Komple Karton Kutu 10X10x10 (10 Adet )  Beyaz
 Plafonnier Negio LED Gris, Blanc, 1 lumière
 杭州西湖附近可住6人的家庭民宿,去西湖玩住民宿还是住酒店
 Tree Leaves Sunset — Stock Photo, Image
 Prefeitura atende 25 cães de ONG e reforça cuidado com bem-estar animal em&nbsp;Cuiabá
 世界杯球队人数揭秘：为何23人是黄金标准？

Requirement:
From the line containing "Prefeitura atende 25" down to the final line of the data, write out every line exactly; both the first and last of these belong in your answer, and nothing else does.

Reply to the exercise:
 Prefeitura atende 25 cães de ONG e reforça cuidado com bem-estar animal em&nbsp;Cuiabá
 世界杯球队人数揭秘：为何23人是黄金标准？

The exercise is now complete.